*Records for processing*:
━━━

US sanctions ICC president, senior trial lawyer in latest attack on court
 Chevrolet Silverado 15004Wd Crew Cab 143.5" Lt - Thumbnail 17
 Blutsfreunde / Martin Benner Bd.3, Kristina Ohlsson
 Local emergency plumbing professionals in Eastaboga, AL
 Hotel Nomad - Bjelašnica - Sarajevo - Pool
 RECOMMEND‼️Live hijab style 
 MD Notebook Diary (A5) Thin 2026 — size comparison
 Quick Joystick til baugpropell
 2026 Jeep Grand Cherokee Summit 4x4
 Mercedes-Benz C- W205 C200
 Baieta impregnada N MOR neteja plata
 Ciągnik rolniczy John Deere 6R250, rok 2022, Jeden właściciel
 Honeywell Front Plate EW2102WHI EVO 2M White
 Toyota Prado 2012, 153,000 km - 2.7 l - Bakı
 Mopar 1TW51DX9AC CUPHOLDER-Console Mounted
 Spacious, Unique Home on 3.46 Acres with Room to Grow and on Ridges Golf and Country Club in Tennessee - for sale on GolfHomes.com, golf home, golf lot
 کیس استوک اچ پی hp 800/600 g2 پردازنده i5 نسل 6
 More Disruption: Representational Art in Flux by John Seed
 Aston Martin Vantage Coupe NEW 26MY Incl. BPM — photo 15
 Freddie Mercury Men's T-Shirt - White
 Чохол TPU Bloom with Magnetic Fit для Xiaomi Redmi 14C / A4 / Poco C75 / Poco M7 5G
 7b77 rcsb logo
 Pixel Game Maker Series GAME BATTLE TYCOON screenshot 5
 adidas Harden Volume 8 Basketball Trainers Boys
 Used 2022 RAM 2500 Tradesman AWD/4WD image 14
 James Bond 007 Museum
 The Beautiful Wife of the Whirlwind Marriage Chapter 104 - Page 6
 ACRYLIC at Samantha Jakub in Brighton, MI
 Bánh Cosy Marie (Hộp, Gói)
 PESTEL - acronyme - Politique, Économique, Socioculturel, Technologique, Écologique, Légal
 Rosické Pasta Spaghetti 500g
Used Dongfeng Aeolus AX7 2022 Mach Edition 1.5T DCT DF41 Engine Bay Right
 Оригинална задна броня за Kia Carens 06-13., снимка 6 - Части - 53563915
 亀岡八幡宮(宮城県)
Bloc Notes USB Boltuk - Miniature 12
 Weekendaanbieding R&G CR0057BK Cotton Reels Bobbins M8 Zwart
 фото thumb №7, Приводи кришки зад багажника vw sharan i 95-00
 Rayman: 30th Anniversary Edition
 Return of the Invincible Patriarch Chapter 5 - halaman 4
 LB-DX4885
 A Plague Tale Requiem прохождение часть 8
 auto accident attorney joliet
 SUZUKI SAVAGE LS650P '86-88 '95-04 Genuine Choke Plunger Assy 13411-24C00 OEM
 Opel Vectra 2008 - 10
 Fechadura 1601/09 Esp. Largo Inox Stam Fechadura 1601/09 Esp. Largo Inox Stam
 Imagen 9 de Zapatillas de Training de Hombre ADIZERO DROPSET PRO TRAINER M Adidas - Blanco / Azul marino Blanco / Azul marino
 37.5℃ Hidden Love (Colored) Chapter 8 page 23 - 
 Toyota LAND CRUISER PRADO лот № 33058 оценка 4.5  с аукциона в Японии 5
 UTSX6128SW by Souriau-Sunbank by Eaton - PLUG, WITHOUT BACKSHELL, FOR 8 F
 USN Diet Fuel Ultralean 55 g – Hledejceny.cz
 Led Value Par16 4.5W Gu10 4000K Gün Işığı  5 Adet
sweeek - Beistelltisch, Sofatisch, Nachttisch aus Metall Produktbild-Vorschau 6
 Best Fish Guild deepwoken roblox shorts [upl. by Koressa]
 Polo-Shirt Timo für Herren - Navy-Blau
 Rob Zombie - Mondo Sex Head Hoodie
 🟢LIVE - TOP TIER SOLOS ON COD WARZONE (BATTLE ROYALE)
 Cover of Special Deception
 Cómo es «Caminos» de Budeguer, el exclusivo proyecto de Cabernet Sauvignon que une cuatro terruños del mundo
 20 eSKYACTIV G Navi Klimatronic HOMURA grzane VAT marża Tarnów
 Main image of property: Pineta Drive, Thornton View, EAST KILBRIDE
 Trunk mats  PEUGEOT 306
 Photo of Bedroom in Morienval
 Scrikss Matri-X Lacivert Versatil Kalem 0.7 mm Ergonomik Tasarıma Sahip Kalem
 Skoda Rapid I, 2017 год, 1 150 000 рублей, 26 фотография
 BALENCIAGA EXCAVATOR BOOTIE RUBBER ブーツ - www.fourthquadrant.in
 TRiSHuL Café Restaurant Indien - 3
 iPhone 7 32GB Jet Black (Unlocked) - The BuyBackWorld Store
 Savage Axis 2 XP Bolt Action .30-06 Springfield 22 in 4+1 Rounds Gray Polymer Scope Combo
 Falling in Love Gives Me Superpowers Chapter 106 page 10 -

━━━

*Task brief*: What you should do is return the records above exactly, leaving nothing out.

*Exercise output*:
US sanctions ICC president, senior trial lawyer in latest attack on court
 Chevrolet Silverado 15004Wd Crew Cab 143.5" Lt - Thumbnail 17
 Blutsfreunde / Martin Benner Bd.3, Kristina Ohlsson
 Local emergency plumbing professionals in Eastaboga, AL
 Hotel Nomad - Bjelašnica - Sarajevo - Pool
 RECOMMEND‼️Live hijab style 
 MD Notebook Diary (A5) Thin 2026 — size comparison
 Quick Joystick til baugpropell
 2026 Jeep Grand Cherokee Summit 4x4
 Mercedes-Benz C- W205 C200
 Baieta impregnada N MOR neteja plata
 Ciągnik rolniczy John Deere 6R250, rok 2022, Jeden właściciel
 Honeywell Front Plate EW2102WHI EVO 2M White
 Toyota Prado 2012, 153,000 km - 2.7 l - Bakı
 Mopar 1TW51DX9AC CUPHOLDER-Console Mounted
 Spacious, Unique Home on 3.46 Acres with Room to Grow and on Ridges Golf and Country Club in Tennessee - for sale on GolfHomes.com, golf home, golf lot
 کیس استوک اچ پی hp 800/600 g2 پردازنده i5 نسل 6
 More Disruption: Representational Art in Flux by John Seed
 Aston Martin Vantage Coupe NEW 26MY Incl. BPM — photo 15
 Freddie Mercury Men's T-Shirt - White
 Чохол TPU Bloom with Magnetic Fit для Xiaomi Redmi 14C / A4 / Poco C75 / Poco M7 5G
 7b77 rcsb logo
 Pixel Game Maker Series GAME BATTLE TYCOON screenshot 5
 adidas Harden Volume 8 Basketball Trainers Boys
 Used 2022 RAM 2500 Tradesman AWD/4WD image 14
 James Bond 007 Museum
 The Beautiful Wife of the Whirlwind Marriage Chapter 104 - Page 6
 ACRYLIC at Samantha Jakub in Brighton, MI
 Bánh Cosy Marie (Hộp, Gói)
 PESTEL - acronyme - Politique, Économique, Socioculturel, Technologique, Écologique, Légal
 Rosické Pasta Spaghetti 500g
Used Dongfeng Aeolus AX7 2022 Mach Edition 1.5T DCT DF41 Engine Bay Right
 Оригинална задна броня за Kia Carens 06-13., снимка 6 - Части - 53563915
 亀岡八幡宮(宮城県)
Bloc Notes USB Boltuk - Miniature 12
 Weekendaanbieding R&G CR0057BK Cotton Reels Bobbins M8 Zwart
 фото thumb №7, Приводи кришки зад багажника vw sharan i 95-00
 Rayman: 30th Anniversary Edition
 Return of the Invincible Patriarch Chapter 5 - halaman 4
 LB-DX4885
 A Plague Tale Requiem прохождение часть 8
 auto accident attorney joliet
 SUZUKI SAVAGE LS650P '86-88 '95-04 Genuine Choke Plunger Assy 13411-24C00 OEM
 Opel Vectra 2008 - 10
 Fechadura 1601/09 Esp. Largo Inox Stam Fechadura 1601/09 Esp. Largo Inox Stam
 Imagen 9 de Zapatillas de Training de Hombre ADIZERO DROPSET PRO TRAINER M Adidas - Blanco / Azul marino Blanco / Azul marino
 37.5℃ Hidden Love (Colored) Chapter 8 page 23 - 
 Toyota LAND CRUISER PRADO лот № 33058 оценка 4.5  с аукциона в Японии 5
 UTSX6128SW by Souriau-Sunbank by Eaton - PLUG, WITHOUT BACKSHELL, FOR 8 F
 USN Diet Fuel Ultralean 55 g – Hledejceny.cz
 Led Value Par16 4.5W Gu10 4000K Gün Işığı  5 Adet
sweeek - Beistelltisch, Sofatisch, Nachttisch aus Metall Produktbild-Vorschau 6
 Best Fish Guild deepwoken roblox shorts [upl. by Koressa]
 Polo-Shirt Timo für Herren - Navy-Blau
 Rob Zombie - Mondo Sex Head Hoodie
 🟢LIVE - TOP TIER SOLOS ON COD WARZONE (BATTLE ROYALE)
 Cover of Special Deception
 Cómo es «Caminos» de Budeguer, el exclusivo proyecto de Cabernet Sauvignon que une cuatro terruños del mundo
 20 eSKYACTIV G Navi Klimatronic HOMURA grzane VAT marża Tarnów
 Main image of property: Pineta Drive, Thornton View, EAST KILBRIDE
 Trunk mats  PEUGEOT 306
 Photo of Bedroom in Morienval
 Scrikss Matri-X Lacivert Versatil Kalem 0.7 mm Ergonomik Tasarıma Sahip Kalem
 Skoda Rapid I, 2017 год, 1 150 000 рублей, 26 фотография
 BALENCIAGA EXCAVATOR BOOTIE RUBBER ブーツ - www.fourthquadrant.in
 TRiSHuL Café Restaurant Indien - 3
 iPhone 7 32GB Jet Black (Unlocked) - The BuyBackWorld Store
 Savage Axis 2 XP Bolt Action .30-06 Springfield 22 in 4+1 Rounds Gray Polymer Scope Combo
 Falling in Love Gives Me Superpowers Chapter 106 page 10 -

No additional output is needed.